Everything is gonna be OK, everything is gonna be OK. You are very tired, everything will go back to normal, he repeats to himself. He slowly turns to the table and, pretending there is nothing off, waddles to the chair and sits. Fortunately, Izet and Boshko are ardently discussing some matter from quantum physics and the possibility of the existence of parallel worlds, therefore they barely notice his appearance.
“You are here?”, Grozdan himself is surprised by his question.
“Yes, we arrived, what about you?”, Boshko wants to be sarcastic.
“I have been phoning both of you. I couldn’t get a hold of you”, Grozdan continues.
“Yea, imagine, all of a sudden, my screen display got cracked, and the phone died. I feel like I’m killing myself. Half of my life is inside”, Boshko joyfully says, as if announcing he has won the lottery prize.
“I forgot mine at home, but it’s OK: it’s easier to live this way”, Izet says.
All of a sudden, Grozdan spots the latest issue of “Vreme” weekly on the table, used as a pad for the cruet.
“Whose is ‘Vreme’?”, he asks.
“How do you mean, whose?, you have brought it”, Izet replies. “You are very forgetful.”
Grozdan pretends he doesn’t care and takes a mouthful of the liverwurst.
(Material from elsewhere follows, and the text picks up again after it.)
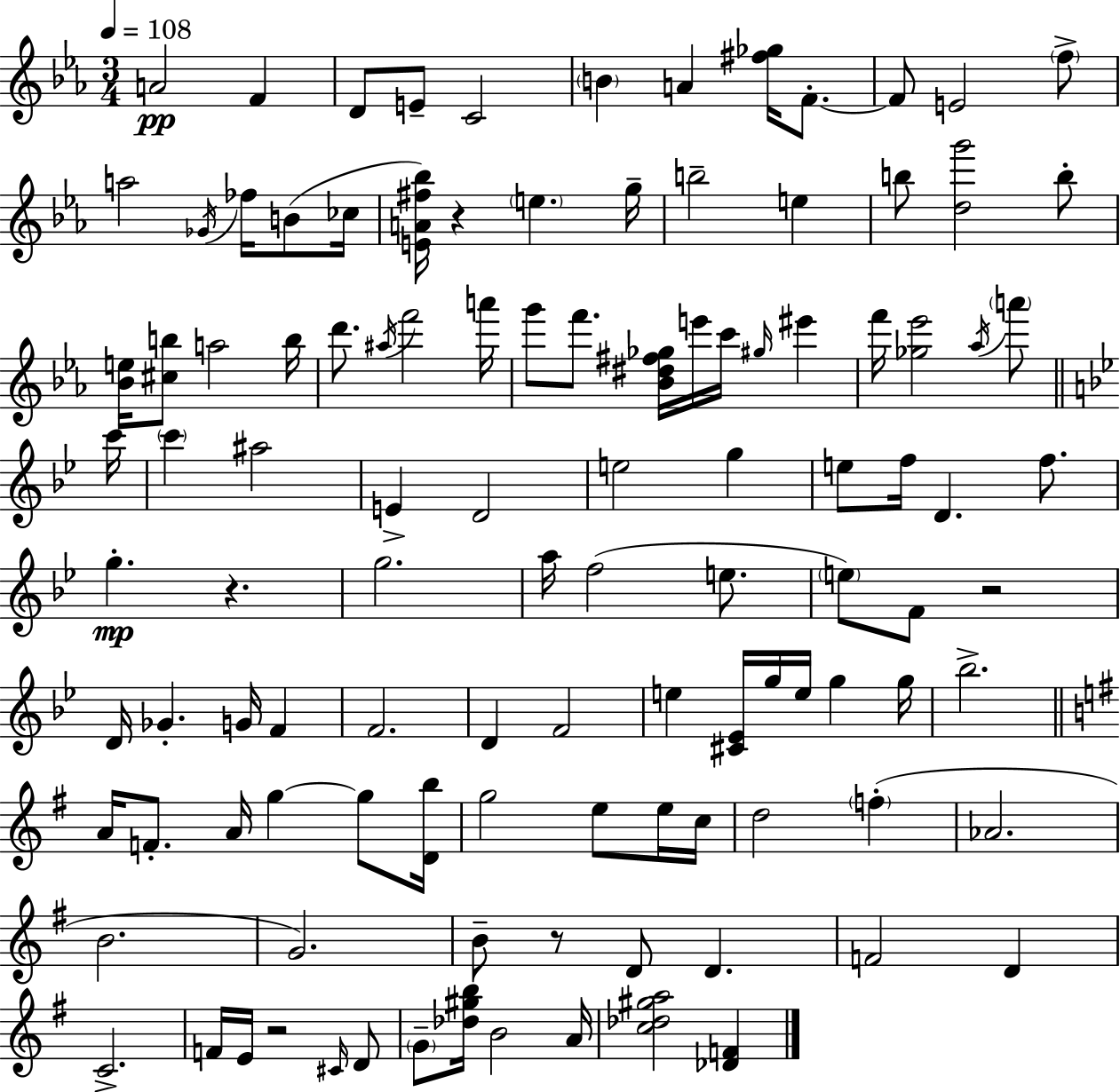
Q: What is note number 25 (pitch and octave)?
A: D6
“Is Buba still on a trip?”, Boshko asks.
Yes, Buba. I wish he was here. His dear wife. She has gone to a seminar in a city in Middle Europe, some city with unpronounceable name. It’s not Goethebourg, it’s not in Sweden, but it was something like that.
“Now you bring misteresses home”, Boshko continues.
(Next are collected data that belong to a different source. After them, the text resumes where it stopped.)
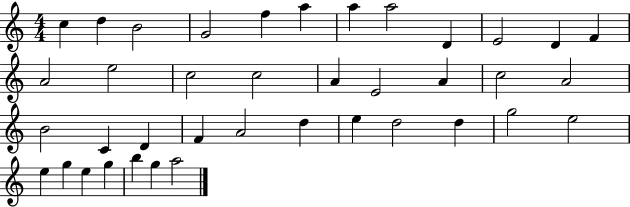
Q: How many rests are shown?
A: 0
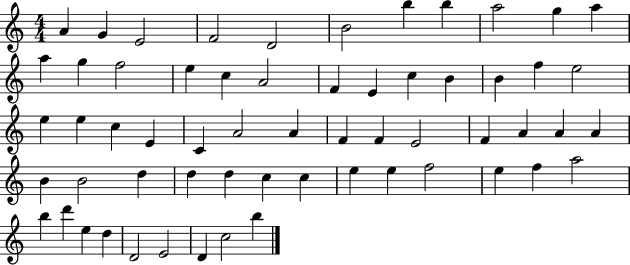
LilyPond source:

{
  \clef treble
  \numericTimeSignature
  \time 4/4
  \key c \major
  a'4 g'4 e'2 | f'2 d'2 | b'2 b''4 b''4 | a''2 g''4 a''4 | \break a''4 g''4 f''2 | e''4 c''4 a'2 | f'4 e'4 c''4 b'4 | b'4 f''4 e''2 | \break e''4 e''4 c''4 e'4 | c'4 a'2 a'4 | f'4 f'4 e'2 | f'4 a'4 a'4 a'4 | \break b'4 b'2 d''4 | d''4 d''4 c''4 c''4 | e''4 e''4 f''2 | e''4 f''4 a''2 | \break b''4 d'''4 e''4 d''4 | d'2 e'2 | d'4 c''2 b''4 | \bar "|."
}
“Do you want me to rent you the apartment for an hour?”, Grozdan replies.
“After Buba is back, you will be my guests at my summer home in Dobar Dol. You are invited, Izet, as well, along with Mersiha. Maria will make a pie.
At that moment, at first glance accidentally, Grozdan glances at the half-open toilet door. And he gets astounded. He sees himself looking in the mirror. Their looks meet each other through the mirror. All of the sudden, he jumps out of the chair, the same way as Boshko does when he gets cramps in the muscle below the left knee, and storms out through the door. He only menages to shout: “I have to go. Tell Kole to put it on my tab.”
Grozdan runs with all his strength, out of breath. He runs into passers-by, but he overlooks that. Some child from across the street points at him, and his mother takes him aside. Grozdan keeps running. He feels a rush of blood in his head, and his vision blurs. As far as possible, as far as possible. Where are the goddamn huskies and the goddamn sleds? And he runs towards his apartment.
He gets out and loses his strength after 20 minutes of running, just in front of Gjosh’s newsstand. He stops and barely takes a breath.
“You will take ‘Vreme daily’” as if Gjosh’s voice is heard from a distance.
“I already took”, he says between two breaths.
“You didn’t”, Gjosh says. “It’s been only 20 minutes since you arrived. The neighbor with the hat took one sample, Mrs. Angja another, and I saved this for you.”
Grozdan grabs the newspaper and without saying a word, striding, approaches the entrance of his apartment.
“Hey, how about paying 50 denars, ha?” he hears Gjosh from behind his back and imagines him discontentedly waving his hand away. This image cheers him up, even in the elevator that ascends for an infinitely long time to the sixth floor.
He would unlock the door, send Buba an e-mail, lay on the sofa and everything would be fine. He unlocks the door and lays on the white terry sheet on the sofa. He is too weak to open the newspaper. He feels the chill penetrating his bones. His feet are wet. His legs are heavy, as if in a snow to the knees. And finally, he blacks out. The last thing he sees is the newspaper falling out of his hands fluttering in the winter wind, slowly landing toward the sea of laminate on the floor. Somewhere, in the distance, far away, the barking of huskies pulling a sled is being heard. Too far away.